Presidente do PSDB, Aécio Neves (MG) disse que o partido será "um grande avalista" de um eventual governo Temer. E cobrou do virtual presidente ousadia, pois "a primeira impressão é a que prevalecerá".

Relatando conversa com Temer ontem, o tucano afirmou que o pemedebista demonstrou interesse em incorporar propostas do PSDB no plano de um novo governo. Entre as ideias, ele citou as reformas política, trabalhista e previdenciária, além da redução da máquina pública.

Aberto o processo de impeachment, o presidente do Supremo Tribunal Federal (STF), Ricardo Lewandowski, passará a ser a "última instância" e responderá recursos e questões de ordem que forem apresentados na comissão especial. É ele quem passa a presidir de fato o processo.

O colegiado formado para analisar a admissibilidade da denúncia continuará funcionando. A composição não muda. Raimundo Lira (PMDB-PB) segue na presidência da comissão. E Antonio Anastasia (PSDB-MG) também será relator nessa segunda fase.
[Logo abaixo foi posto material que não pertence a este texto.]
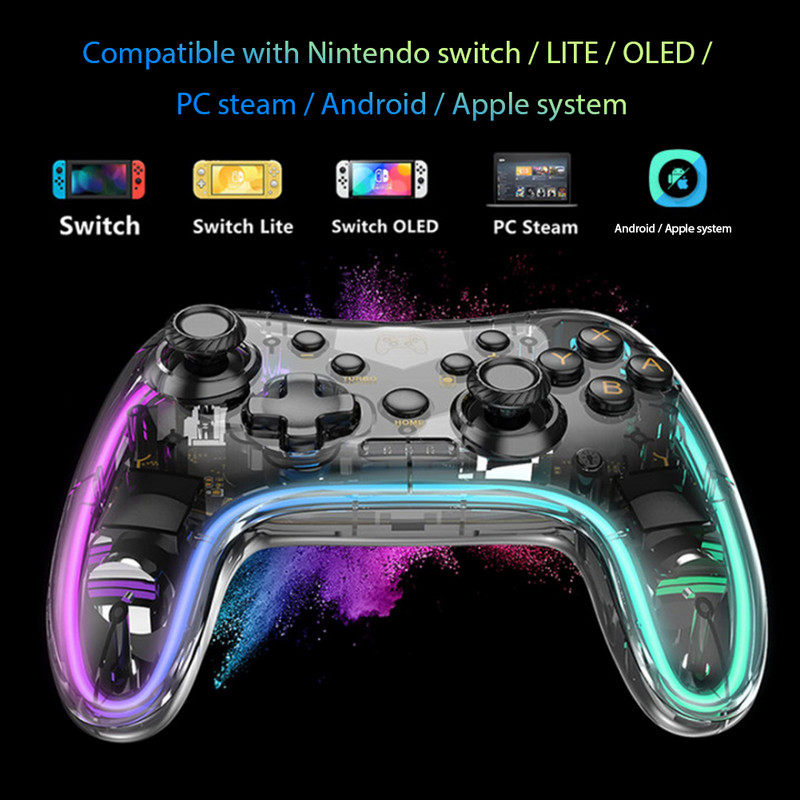 Belaidžiai RGB vaizdo žaidimų žaidimų pultai, skirti „Nintendo Switch Pro“ / „Switch Lite“ / „Switch OLED“ / „Android“ / „IOS“ / „Windows PC“ / „Mobile Controller“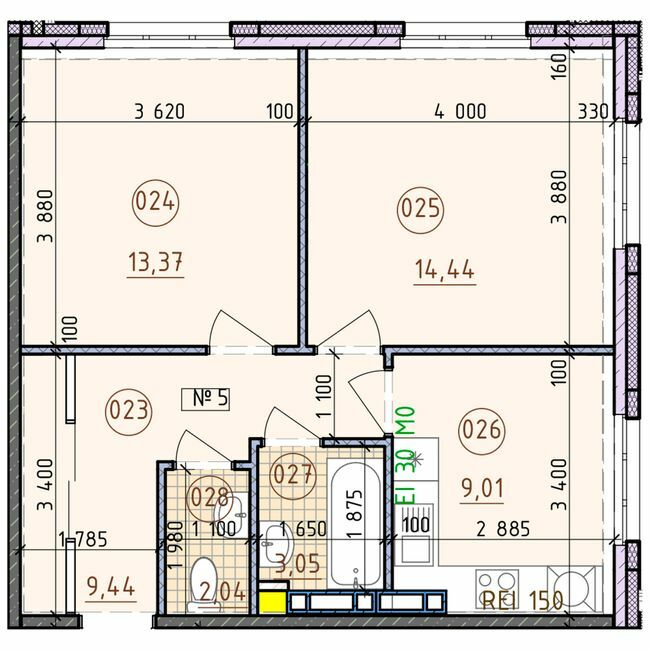 2-комнатная 51.35 м² в ЖК London от застройщика, г. Вышгород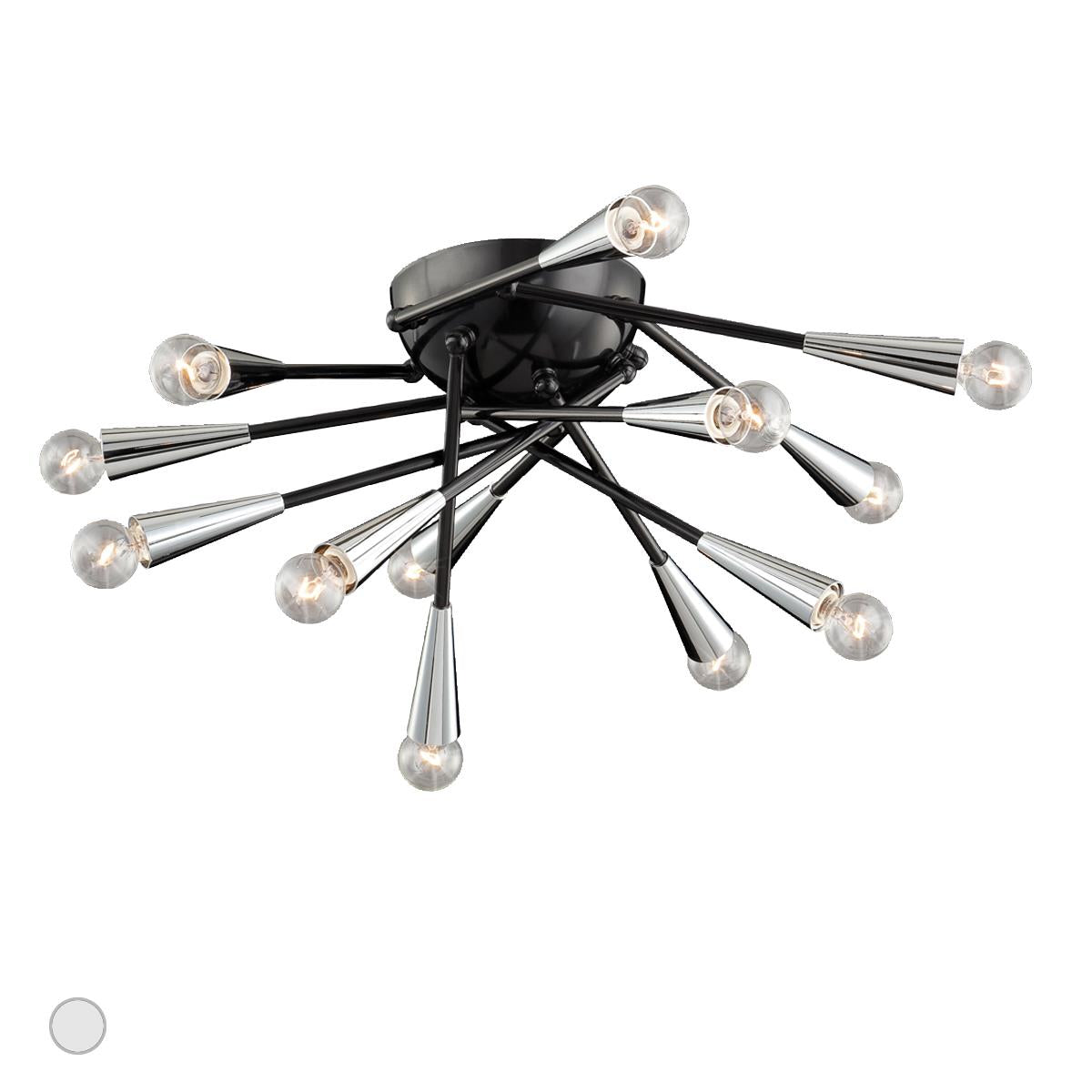 Sarah　DRPL No. 12 Luminous LAMP. TECHO ZAZU NEGRO CROMADO 12L E12 40W — Lumicentro SA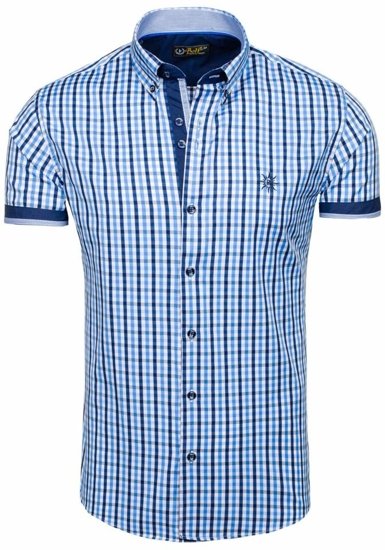 Чоловіча сорочка у клітину, з коротким рукавом блакитна Bolf 4510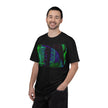 Love Talk By Kevin Quinn -Urban Abstract Architecture Neon Cityscape T-Shirt - Green & Purple Glitch Graphic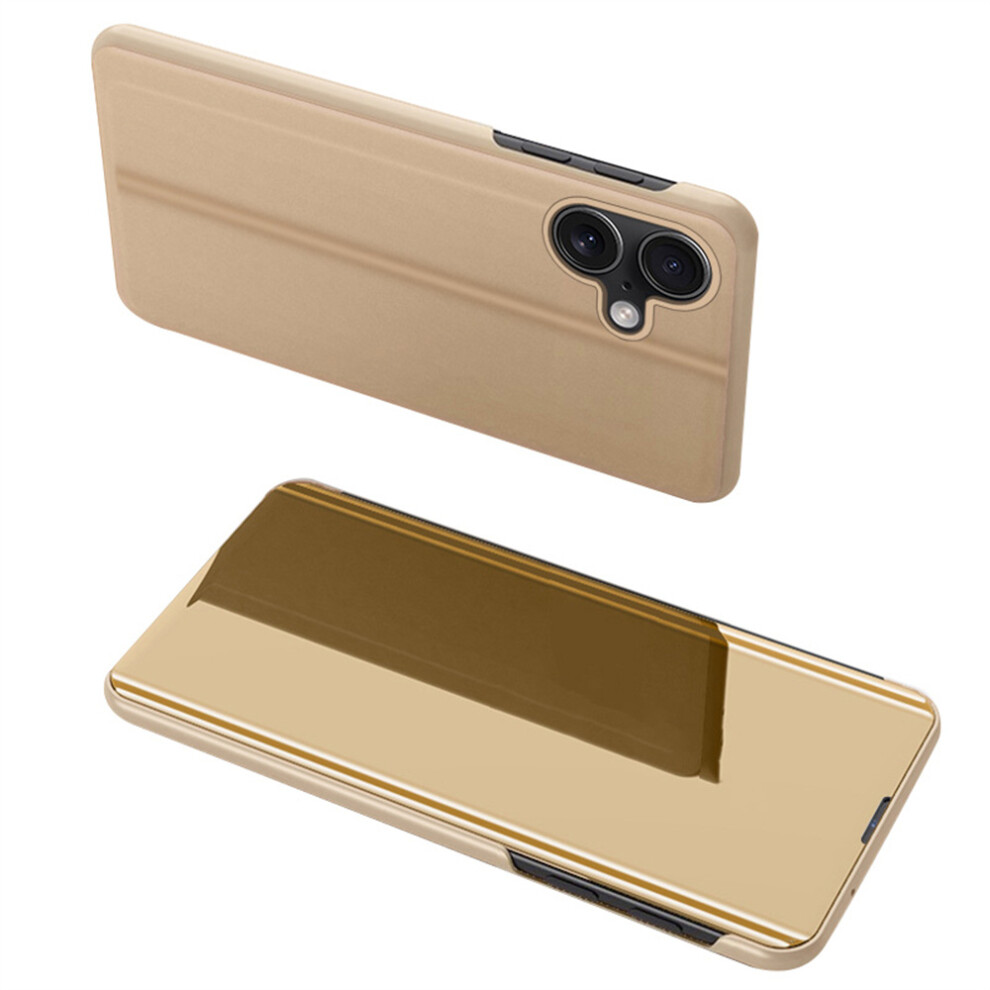 (Iphone 17, ) For Iphone 17 Case View Window Stand Leather Flip Phone Cover Gold 6914285796197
Pela previsão legal, o presidente do Supremo somente presidirá duas sessões no Senado: o julgamento da pronúncia (provas trazidas ao processo) e o julgamento final. Haverá uma espécie de transmissão do comando do processo, de Renan para Lewandowski, amanhã. O presidente do Supremo deverá inclusive participar de reunião com os líderes do Senado.